From now on a household of five will be divided,
three against two and two against three;
a father will be divided against his son
and a son against his father,
a mother against her daughter
and a daughter against her mother,
a mother-in-law against her daughter-in-law
and a daughter-in-law against her mother-in-law
Hm. Makes you want to squirm, right?
Well, maybe that’s his intent. Maybe he wanted to correct a misunderstanding. The passage is within a great section where Jesus is speaking about the urgency of living the Gospel. If you know the Master’s will, you’d better do it, and do it now. No delaying, no waiting. If you read the end of the twelfth chapter of Luke, you can almost hear Him getting worked up as he talks to his apostles, finally culminating in:
“I came to cast fire upon the earth; and would that it were already kindled!
I have a baptism to be baptized with; and how I am constrained until it is accomplished!
Do you think that I have come to give peace on earth? No, I tell you, but rather division;
So is he still the Prince of Peace? Yes, but not perhaps the peace the way we want to define it. I am reminded of the classic scene from The Princess Bride:
Often when we think of peace, we think of something more like appeasement. Don’t create waves, don’t hurt anyone, don’t judge anyone, just keep the peace.
But similar to the modern misunderstanding of mercy (which I wrote about here), I don’t believe this modern understanding jives with the biblical understanding. Neville Chamberlain might have announced that he had secured “peace for our time,” but we all know that peace was a mere appearance that had no lasting impact. It was comfortable for him, it was non-confrontational, but it wasn’t real.
To be Christian means to make waves. Why? Because to follow Christ means embracing a life that’s counter-cultural and has been since the very beginning. After all, the Prince of Peace and Lord of Love also told us:
“If the world hates you, know that it has hated me before it hated you. If you were of the world, the world would love its own; but because you are not of the world, but I chose you out of the world, therefore the world hates you.
He wouldn’t win many points as a motivational speaker, would he? Wow. “Hey, guys, if you listen to me, everyone’s going to hate you!” Honestly, what a way to win followers. If he wasn’t the Son of God, who would follow this guy?
Christ’s message IS one of peace, love, mercy, goodness, but not necessarily by the world’s definition of those things. This means that we have our work cut out for us. It’s not enough to preach Jesus Christ, we also have to explain to our modern world what the Gospel means. Some will accept it, even though truly understanding and obeying the Gospel is usually rather uncomfortable. Others won’t accept it, because it’s too demanding, too counter-cultural, too odd.

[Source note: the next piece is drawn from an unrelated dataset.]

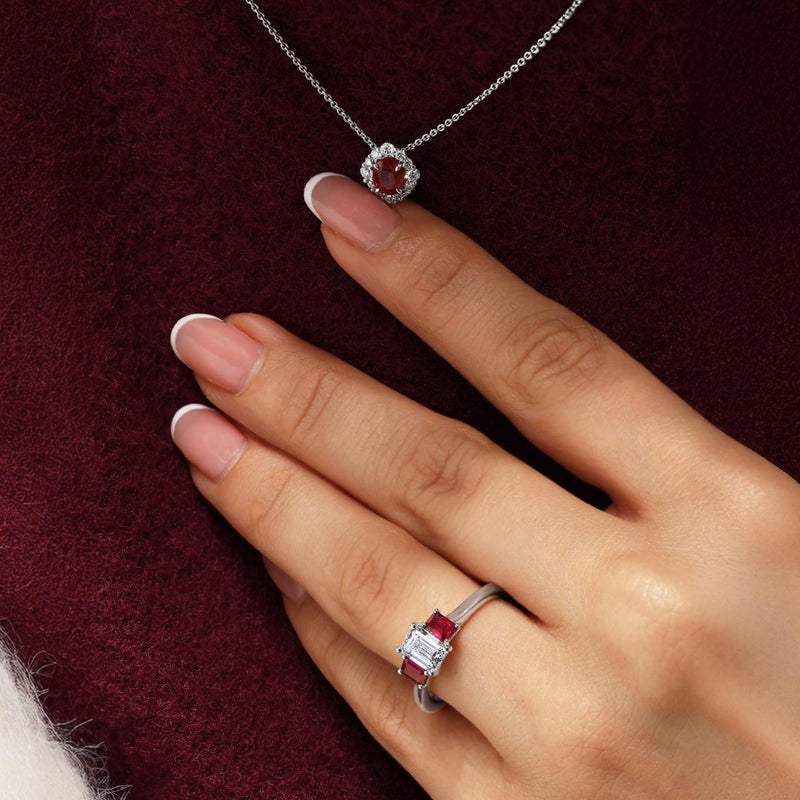 18ct white gold 0.97ct oval ruby and diamond necklace on neck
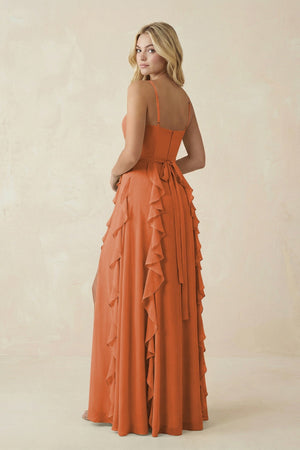 Tiered Ruffle A - Line Chiffon Bridesmaid Dress in Terracotta - KISS BRIDAL Bridesmaid Dresses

But be consoled. St. John apparently had difficulty, too. No one wanted to listen to the truth of the Gospel then, either:
Little children, you are of God, and have overcome them; for he who is in you is greater than he who is in the world. They are of the world, therefore what they say is of the world, and the world listens to them.
We are of God. Whoever knows God listens to us, and he who is not of God does not listen to us.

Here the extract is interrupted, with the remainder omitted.